My model is a grifola frondosa mushroom, found in the woods.
I scanned two mushrooms with the small object setting, on a stage made of cork board and black velvet. The proprietary software is easy to use. Once the choice of object is made, a live preview window opens. The space bar starts a three second timer, and then capture is live.
Maintaining line of sight with the object in the cross hairs felt awkward, with the alignment of monitor and stage always off at some part of the scan. Perhaps practice would enable scanning without constant reference to the screen for alignment.
After a few failures due to loss of alignment, I succeeded in making a scan. I tried to re-align the Sense, but with no luck. My conclusion: if you lose alignment, bail by hitting the home button, and start again.
I saved the scan as both .stl and .obj files. The .obj contains the color information, while the .stl is just the mesh. Ah, the mesh. 149,316 vertices, 282,688 polygons.
I trimmed the mesh to remove the stage, leaving only the mushroom.stl.
The trimmed mesh still has roughly 100,000 vertices and polygons, 10 megabytes, and handily crashes Cura.
The latest edit is here, down to 1.5MB and 14,000 vertices. Right click and save linked file to look at the
mesh file.
3D Printing
I chose Rhinoceros as my 3D modeling software.

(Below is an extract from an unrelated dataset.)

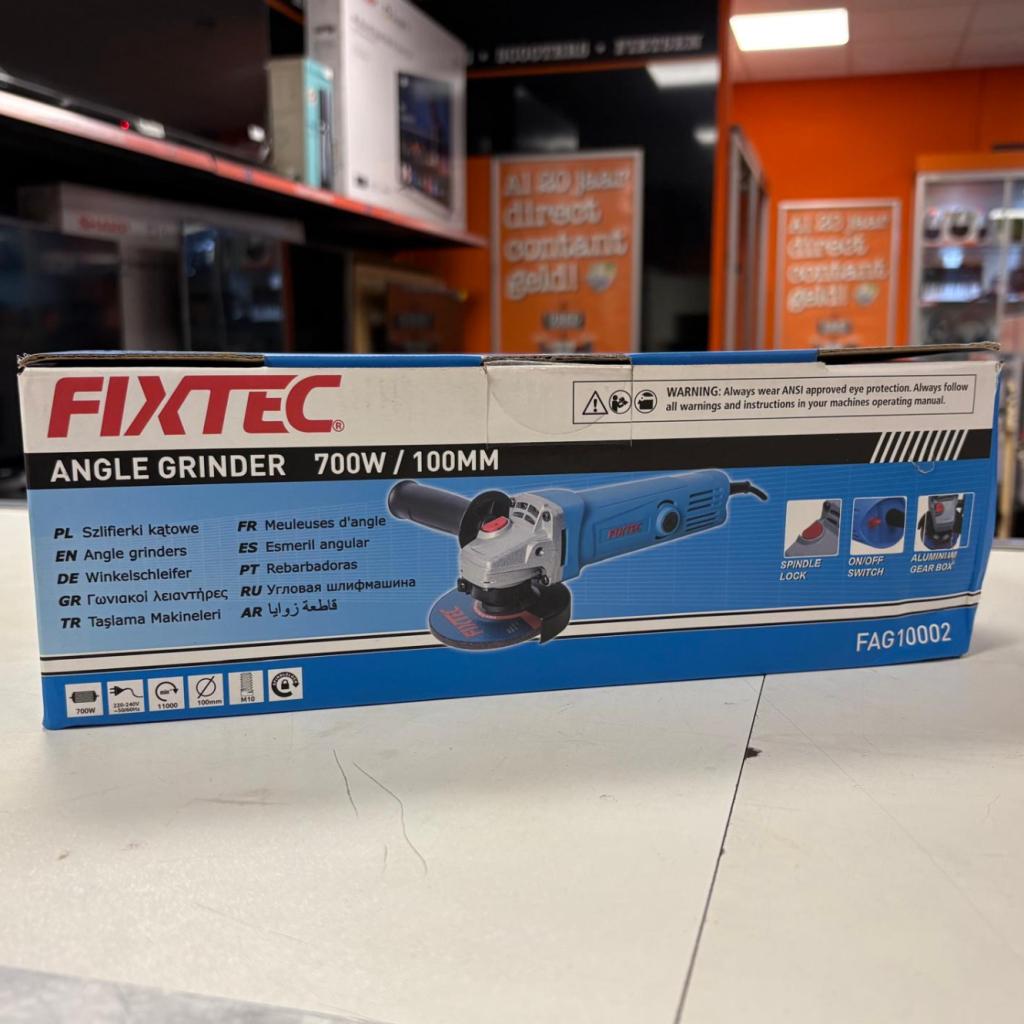 FIXTEC Angle Grinder FAG10002 | Nieuw, Fixtec, Zo goed als nieuw, Support@fixtec.com, No. 33, Chienkuo St., 
Taipei 10456
Taiwan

The object I designed is a sphere with helical voids arranged tetrahedrally, so that springs can be glued between the spheres, producing a lattice in either the ice or diamond crystal pattern.
I spent long hours trying out the various commands, and reading the on-line manual. A tutoring session by Nathan M. was useful.

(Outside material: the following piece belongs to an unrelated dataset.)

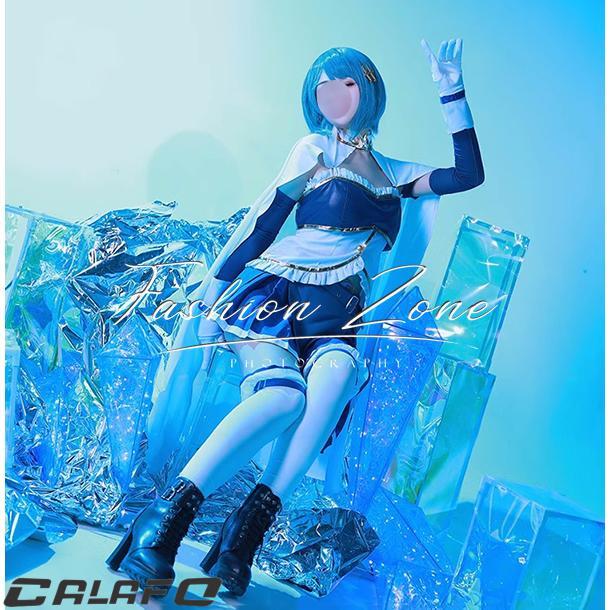 ◇魔法少女まどか☆マギカ 風 美樹 さやか コスプレ衣装 ウィッグ 靴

A helix of 19.05mm diameter, and 10 mm pitch was made on the vertical axis. A circle of 2mm diameter was swept along the helical curve, to make a surface, which was converted into a solid.
The solid helix was copied and rotated 109.47° around the y axis. The new helix was copied and rotated twice by 120°, resulting in four helices in a tetrahedral configuration.
A sphere of 40 mm diameter was created with the origin as its center. The helical solid was then removed from the sphere with a boolean difference, leaving the desired part.
Cura made the visualization of the part easy. Looking at the layers let me see that some of the deeper parts of the helices interfere, so I increased the size of the sphere to 50 mm. This gives the springs another half turn unimpeded compared to the 40 mm sphere.
The solid on the right was converted to the mesh on the left. The mesh was trimmed by splitting with a plane, and deleting the bottom chord. The hole in the bottom was then filled to make a closed mesh. This was done to give the object a base, and to reduce the overhang required.